DIRECTIONS FOR THIS TASK →
Return the records below from the line containing "Cross-border Pneumatic Pull" onward, exactly, through and including the last line.

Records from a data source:
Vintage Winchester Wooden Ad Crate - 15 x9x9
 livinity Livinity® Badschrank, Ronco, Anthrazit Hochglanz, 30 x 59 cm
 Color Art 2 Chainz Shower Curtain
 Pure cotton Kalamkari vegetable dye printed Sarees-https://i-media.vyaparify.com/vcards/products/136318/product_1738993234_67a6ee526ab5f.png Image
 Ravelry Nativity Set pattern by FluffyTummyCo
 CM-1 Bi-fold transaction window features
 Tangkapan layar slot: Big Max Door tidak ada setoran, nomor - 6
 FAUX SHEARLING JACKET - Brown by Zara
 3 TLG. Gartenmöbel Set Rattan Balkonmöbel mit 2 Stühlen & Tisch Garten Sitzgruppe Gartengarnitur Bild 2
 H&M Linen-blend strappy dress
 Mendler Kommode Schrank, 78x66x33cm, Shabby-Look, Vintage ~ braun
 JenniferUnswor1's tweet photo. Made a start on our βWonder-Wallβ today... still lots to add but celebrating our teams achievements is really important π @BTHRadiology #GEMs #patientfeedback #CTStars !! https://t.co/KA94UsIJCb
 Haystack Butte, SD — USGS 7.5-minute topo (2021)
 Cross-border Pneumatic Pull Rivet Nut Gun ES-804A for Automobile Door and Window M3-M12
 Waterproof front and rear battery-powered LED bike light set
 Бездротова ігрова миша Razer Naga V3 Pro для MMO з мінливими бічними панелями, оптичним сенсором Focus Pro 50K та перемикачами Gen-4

RESPONSE →
 Cross-border Pneumatic Pull Rivet Nut Gun ES-804A for Automobile Door and Window M3-M12
 Waterproof front and rear battery-powered LED bike light set
 Бездротова ігрова миша Razer Naga V3 Pro для MMO з мінливими бічними панелями, оптичним сенсором Focus Pro 50K та перемикачами Gen-4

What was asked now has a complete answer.